▸ What the task requires: Write out the data that follows exactly, keeping every picture out.

▸ Data block:
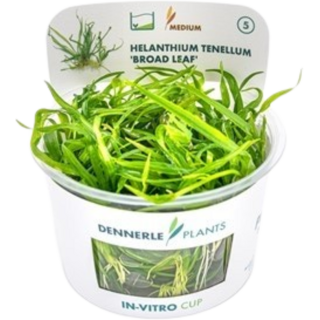 Dennerle Plants Helanthium tenellum 'Broad leaf' CUP - 1 Stk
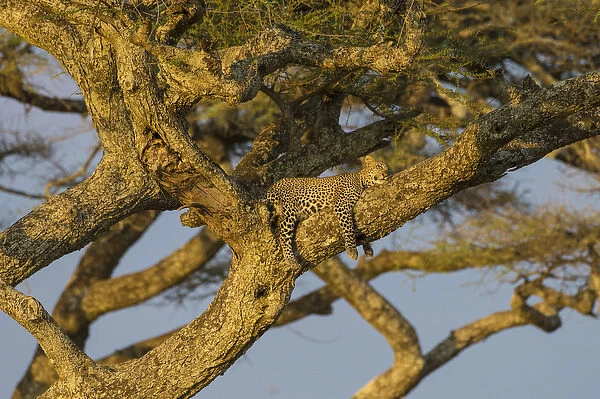 Africa. Tanzania. African leopard (Panthera pardus) napping in a tree in Serengeti NP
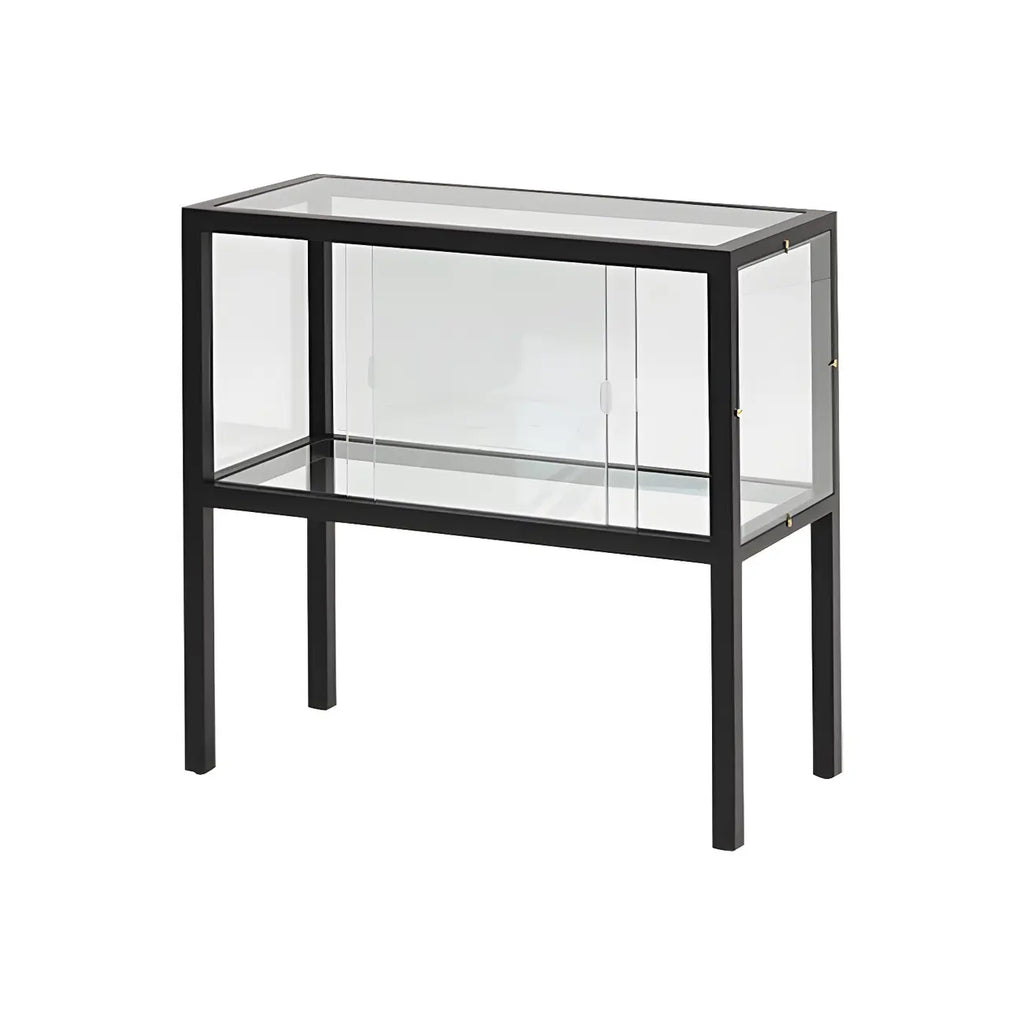 Vitrine moderne en verre noir avec cadre en métal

▸ Finished exercise:
 Dennerle Plants Helanthium tenellum 'Broad leaf' CUP - 1 Stk
 Africa. Tanzania. African leopard (Panthera pardus) napping in a tree in Serengeti NP
 Vitrine moderne en verre noir avec cadre en métal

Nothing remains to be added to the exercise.